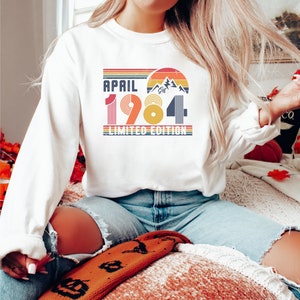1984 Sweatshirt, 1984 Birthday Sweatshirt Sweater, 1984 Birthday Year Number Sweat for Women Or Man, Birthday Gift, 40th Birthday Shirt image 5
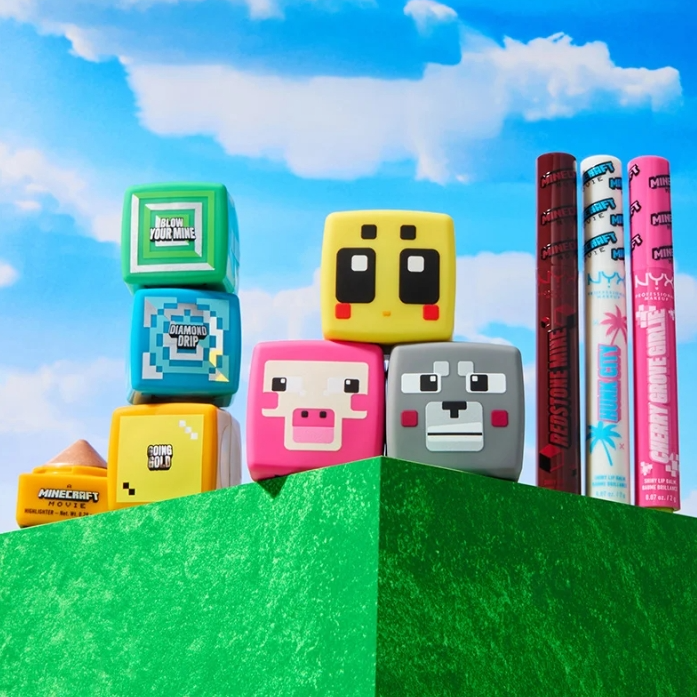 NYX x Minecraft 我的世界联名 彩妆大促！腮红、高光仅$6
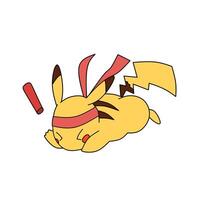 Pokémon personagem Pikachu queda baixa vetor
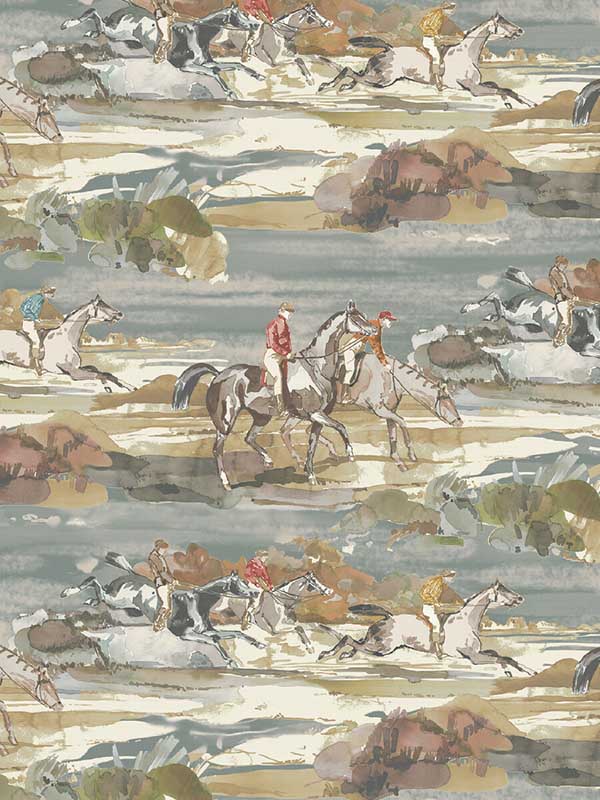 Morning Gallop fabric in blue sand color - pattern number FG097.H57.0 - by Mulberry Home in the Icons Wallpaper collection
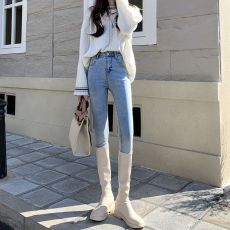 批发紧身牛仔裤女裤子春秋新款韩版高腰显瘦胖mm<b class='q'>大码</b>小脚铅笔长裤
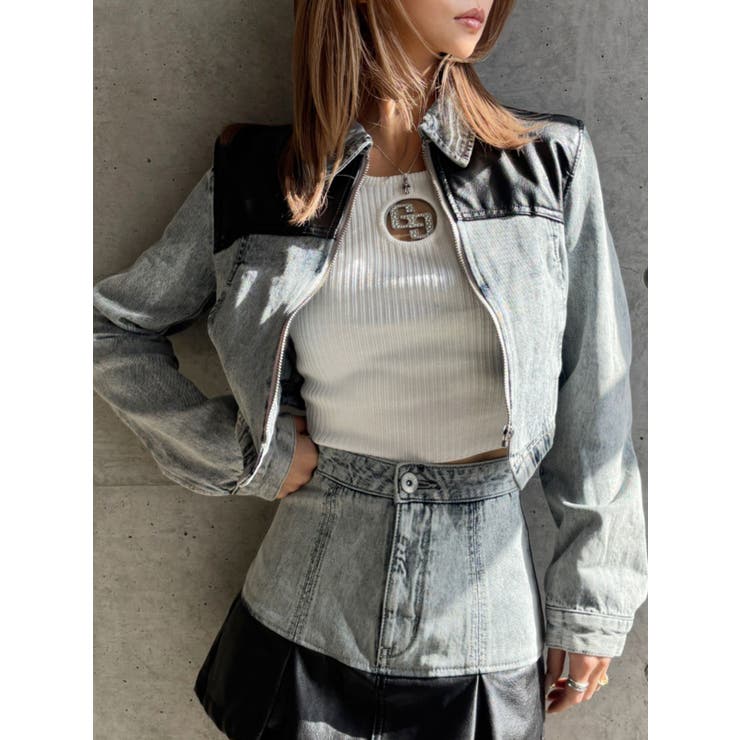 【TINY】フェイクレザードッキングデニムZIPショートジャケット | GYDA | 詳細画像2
**********
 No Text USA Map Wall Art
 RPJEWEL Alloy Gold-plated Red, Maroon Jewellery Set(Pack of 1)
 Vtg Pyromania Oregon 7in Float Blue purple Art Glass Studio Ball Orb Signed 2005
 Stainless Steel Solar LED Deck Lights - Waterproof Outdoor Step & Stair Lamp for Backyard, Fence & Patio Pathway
**********
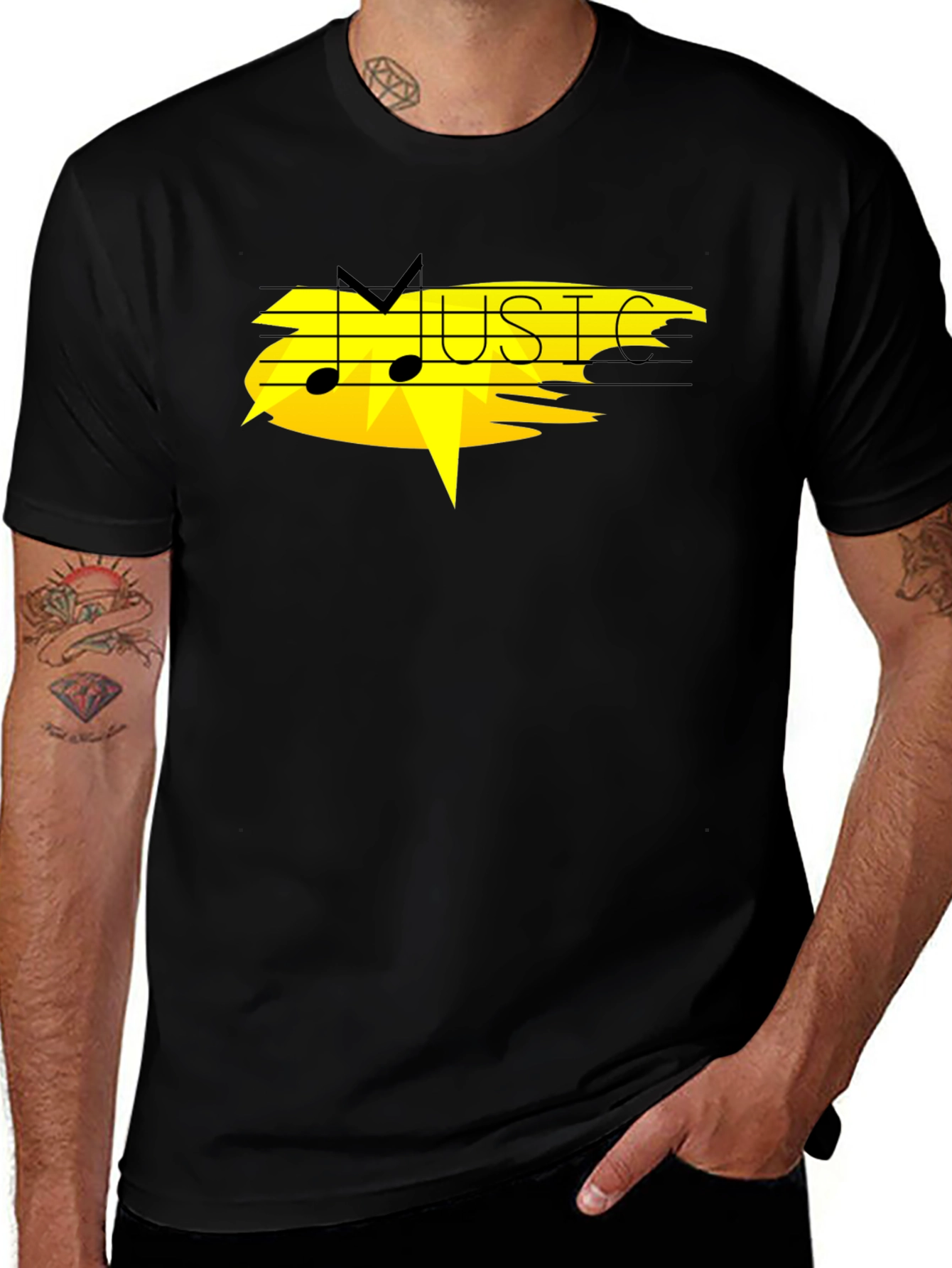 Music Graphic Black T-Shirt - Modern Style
**********
Your goal: Among the entries above, find the line with "1984 Sweatshirt, 1984" and repeat exactly from there through the line with "GYDA | 詳細画像2", leaving out the pictures.

Response for this exercise:
1984 Sweatshirt, 1984 Birthday Sweatshirt Sweater, 1984 Birthday Year Number Sweat for Women Or Man, Birthday Gift, 40th Birthday Shirt image 5
 NYX x Minecraft 我的世界联名 彩妆大促！腮红、高光仅$6
 Pokémon personagem Pikachu queda baixa vetor
 Morning Gallop fabric in blue sand color - pattern number FG097.H57.0 - by Mulberry Home in the Icons Wallpaper collection
 批发紧身牛仔裤女裤子春秋新款韩版高腰显瘦胖mm<b class='q'>大码</b>小脚铅笔长裤
 【TINY】フェイクレザードッキングデニムZIPショートジャケット | GYDA | 詳細画像2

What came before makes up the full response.